Step 1: Learning Normal Versus Abnormal System Behavior Over Time
One way to try and avoid costly downtime is to monitor your system’s behavior. But that is not without its own pitfalls. If not set up properly, monitoring can easily lead to misdiagnosis, frequent false alarms, and misguided corrective action, resulting in unplanned or extended periods of downtime.
For example, if the average number of e-mails the system receives in a working week is 10 messages per second, the administrator may set monitoring system alerts based on a fixed threshold of 12 messages per second. But every Monday at 9 a.m. the e-mail system may receive 15 messages per second due to “normal” enterprise-wide user behavior (i.e., many employees first log in and check e-mail). As a result you would always get an alert at 9 a.m. on Monday that is actually a reflection of normal system behavior.

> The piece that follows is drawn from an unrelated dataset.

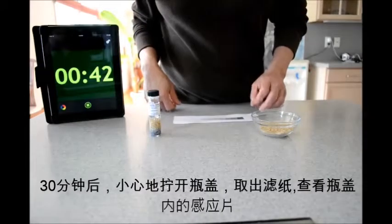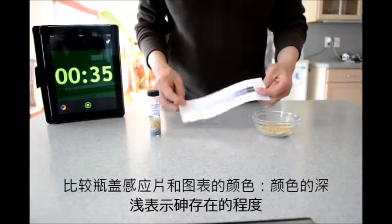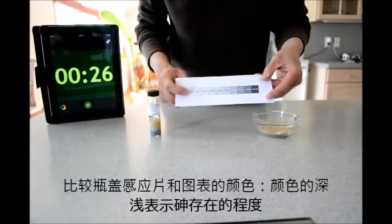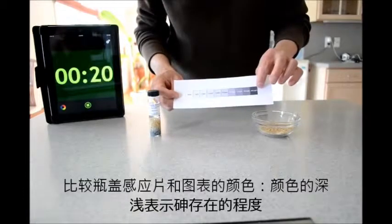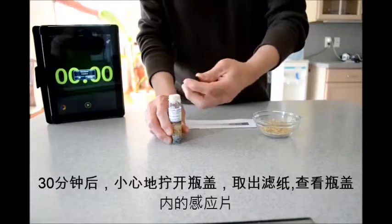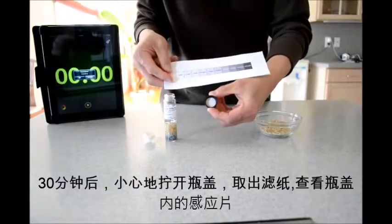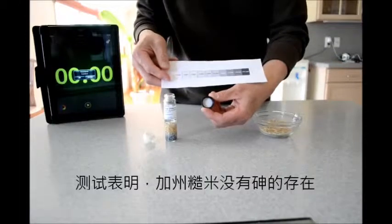Alright, we're almost at time. What we'll do is unscrew the cap and then compare what we see in the cap to this chart here, starting from 0 parts per billion for a colorless cap all the way to 200 parts per billion. As you can see, there's hardly any arsenic for this brand of rice, so this brown rice is pretty safe compared also to the white rice we tested before.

Fairly quickly, the e-mail system administrator will deduce this as “normal behavior,” ignore it, and as a consequence may miss legitimate alerts for real problems.

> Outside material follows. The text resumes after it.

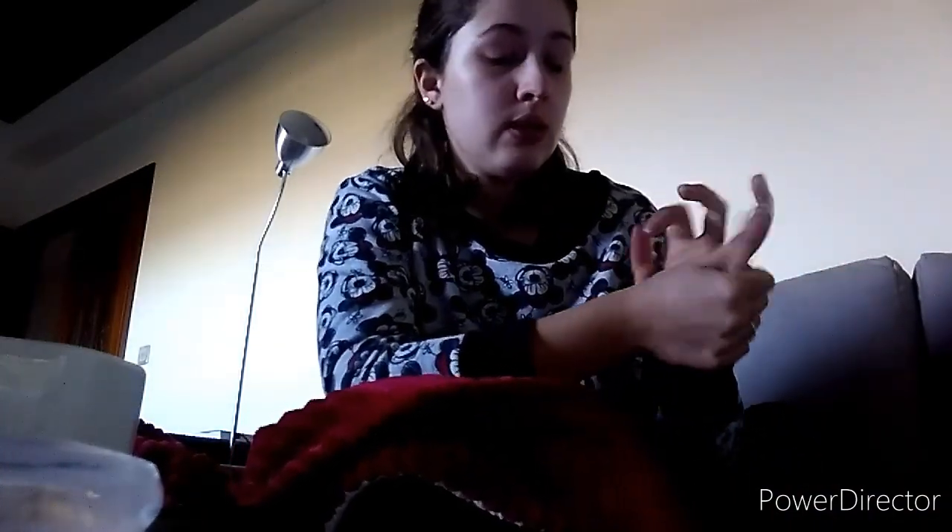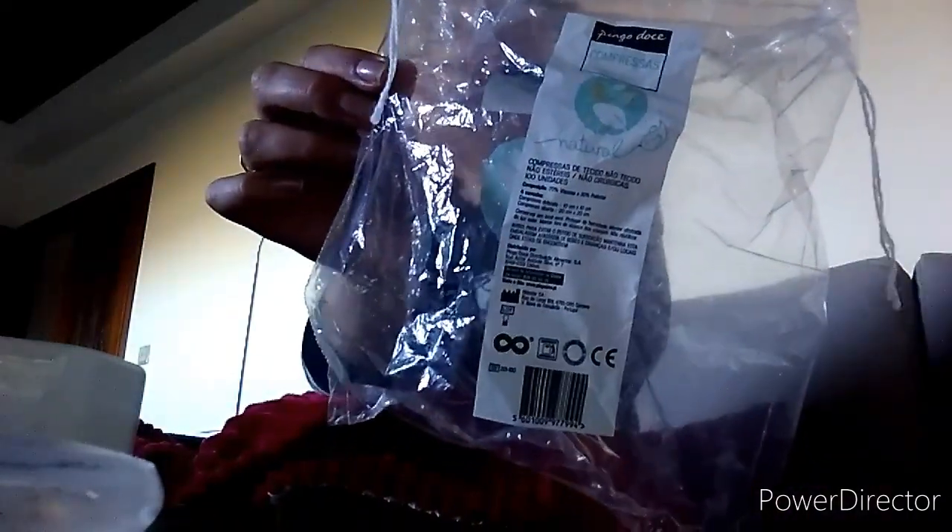Não encontro — o Lidl não tem, no Intermarché eu não encontrei, e eu não tenho ido nem ao Pingo Doce nem ao Continente, então tem sido um bocado complicado para encontrar. Depois, tenho aqui estas compressas do Pingo Doce. Isto durou, gente, imenso tempo, mesmo imenso, porque eu comprei isto há já um ano. Há vontade, gente.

There is a clear need for predictive, degenerative monitoring of e-mail application specific attributes for helping operators to proactively keep their primary system from going down in the first place.

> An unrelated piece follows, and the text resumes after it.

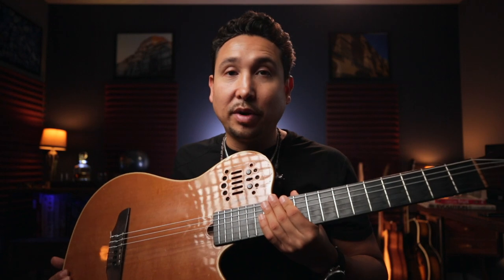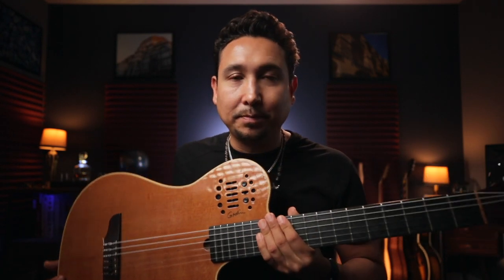Anyways, I took my gigging guitar and I noticed that the strings were very old, so I replaced them. I clearly did it the wrong way. I didn't know there was a wrong way to string your guitars. I'm going to show you guys what I did wrong and how you should correctly re-string your nylon string guitars.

One solution is a system that manages the DR process from a holistic viewpoint rather than as a point solution and collects intelligence information on system behavior. The system then performs time-series behavioral analysis and reporting. Anything required to deliver the application’s functionality to the end user is monitored, giving the IT manager a top-level, at-a-glance view of the overall health of the primary service to end users. Rather than using predetermined, fixed thresholds to generate alerts, an holistic system learns normal system behavior as a function of time of day and day of week, and only alerts when behavior departs from normal for that period of time.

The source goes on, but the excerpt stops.